18.-Speech recognizers should use deep, long time spans, and multiple wide parallel representations to handle real-world complexity.

19.-Recurrent networks are a natural way to model long time dependencies in speech spanning at least a segment length.

20.-Cortical representations progress from acoustic features to phonetic features to phonemes to syllables and words at different levels.

21.-Some success reconstructing auditory neural responses from learned sparse representations, similar to vision research.

22.-PCA is a linear approximation, while non-linear ICA and sparse coding may better match auditory system.

23.-Dealing with unknown words/languages/environments not seen in training is a key open problem in speech recognition.

24.-Successfully detecting out-of-vocabulary words would itself be very useful for speech recognizers to handle the unknown.

25.-Sensory systems seem to use multiple parallel representations to extract useful stimulus features and adapt to new situations.

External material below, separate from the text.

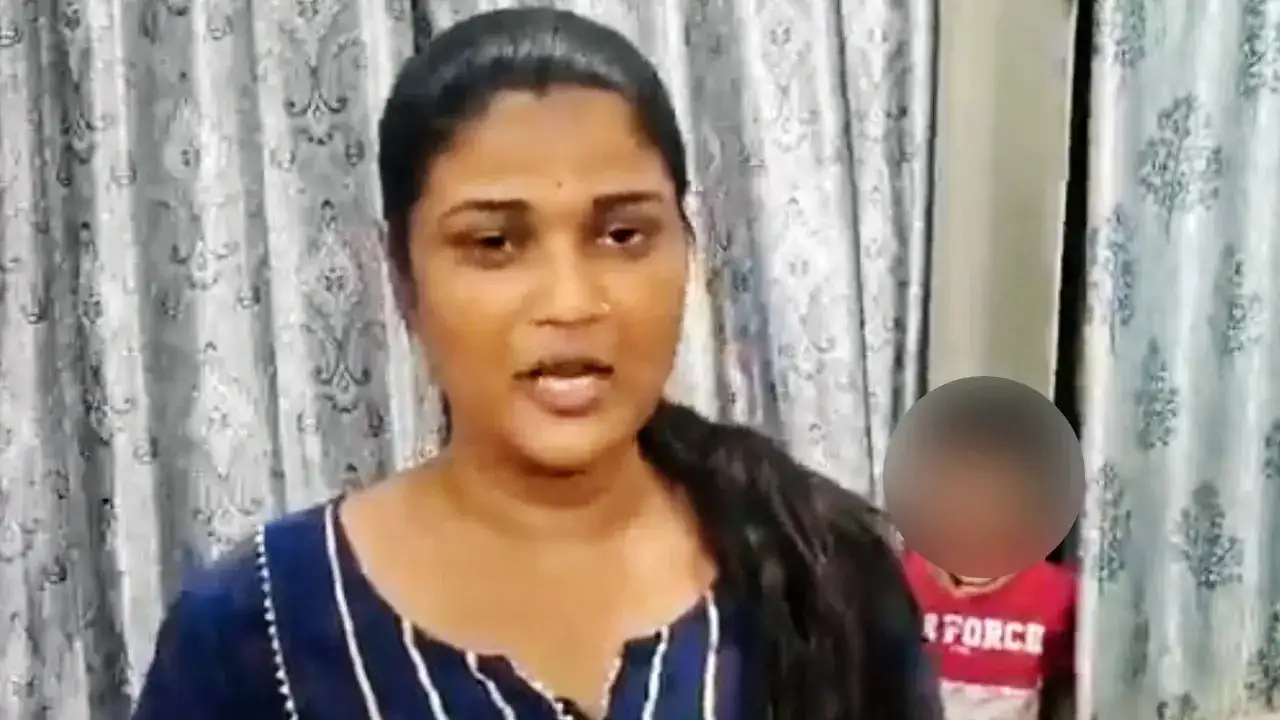 https://prime9staging.s3.ap-south-1.amazonaws.com/prime9/images/12364544/posts/07_2026/1784181762495_hyderabad_school_controversy___1784181764130.jpg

26.-Learning high-level abstractions applicable to many prediction problems may help systems deal with changing environments.

27.-Experimentally investigating parallel representations racing to provide useful features seems promising and consistent with neuroscience.

28.-Machine learning often assumes future data will match past training data, but this is a concerning limitation.

29.-Having systems detect when data/environments have changed from training conditions is an important machine learning problem to address.

30.-The speaker hopes the ML community will work on principled ways to handle unfamiliar data that doesn't match training sets.